━━━ Dataset excerpt ━━━

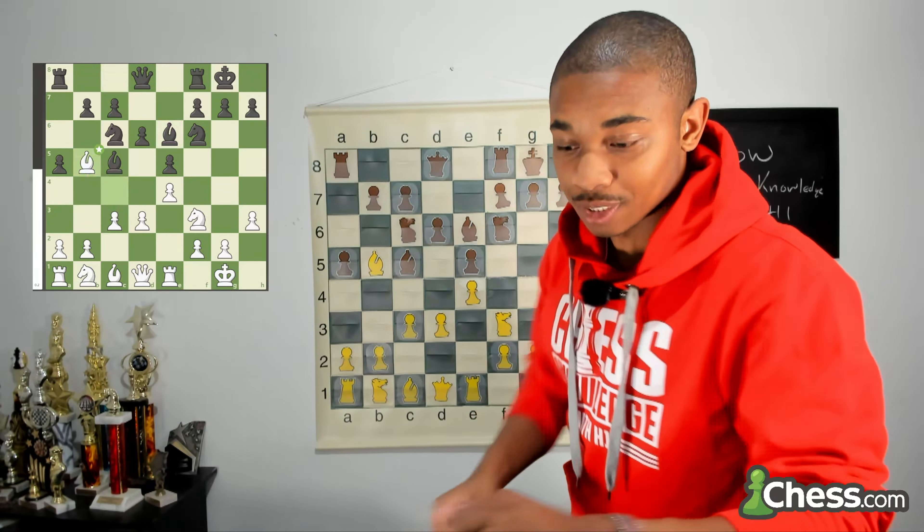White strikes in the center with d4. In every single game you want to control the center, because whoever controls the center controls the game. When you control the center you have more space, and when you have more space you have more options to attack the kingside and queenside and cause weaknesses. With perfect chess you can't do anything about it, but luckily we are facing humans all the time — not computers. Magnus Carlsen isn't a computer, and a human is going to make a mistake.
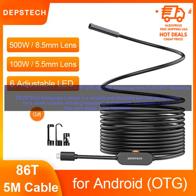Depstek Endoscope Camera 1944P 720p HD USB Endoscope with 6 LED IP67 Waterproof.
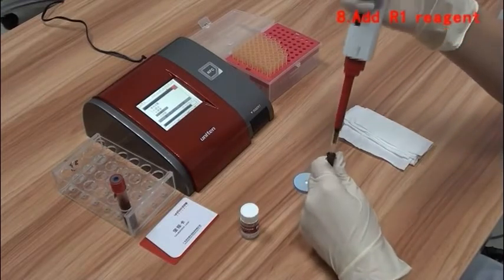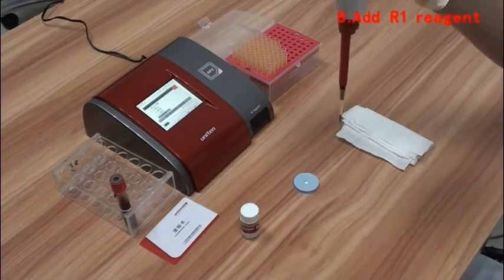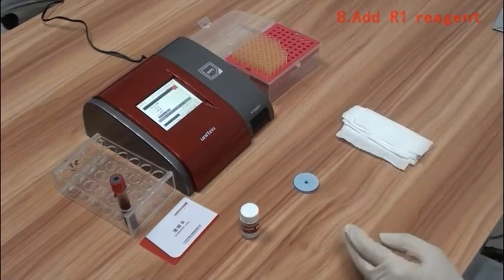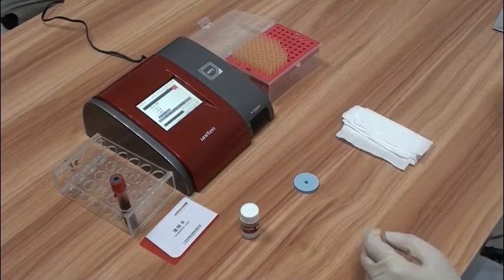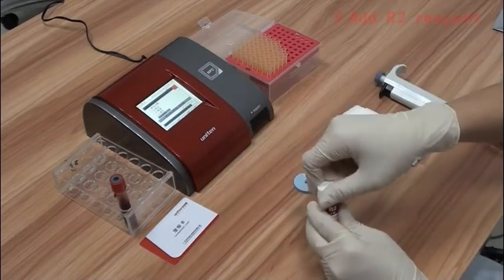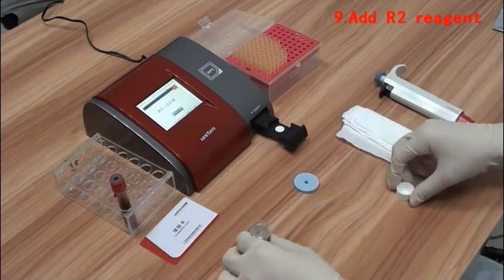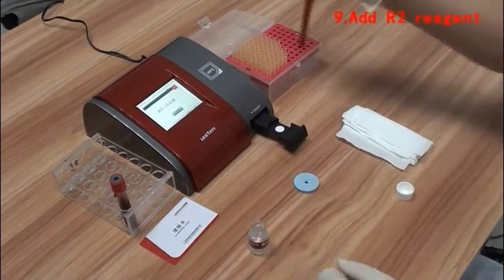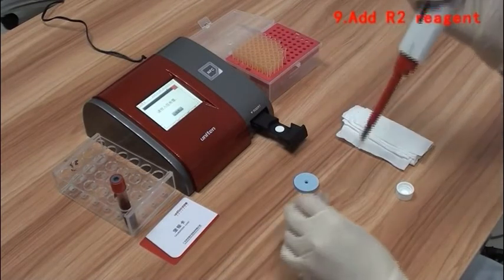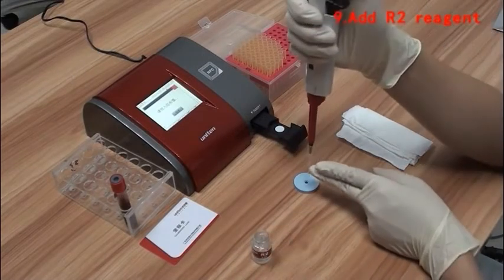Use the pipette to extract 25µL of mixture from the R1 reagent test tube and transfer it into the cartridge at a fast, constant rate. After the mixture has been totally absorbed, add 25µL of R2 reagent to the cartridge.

━━━

What you should do. Transcribe the data completely. No pictures should appear in the transcription.

Solution to this exercise.
White strikes in the center with d4. In every single game you want to control the center, because whoever controls the center controls the game. When you control the center you have more space, and when you have more space you have more options to attack the kingside and queenside and cause weaknesses. With perfect chess you can't do anything about it, but luckily we are facing humans all the time — not computers. Magnus Carlsen isn't a computer, and a human is going to make a mistake.
Depstek Endoscope Camera 1944P 720p HD USB Endoscope with 6 LED IP67 Waterproof.
Use the pipette to extract 25µL of mixture from the R1 reagent test tube and transfer it into the cartridge at a fast, constant rate. After the mixture has been totally absorbed, add 25µL of R2 reagent to the cartridge.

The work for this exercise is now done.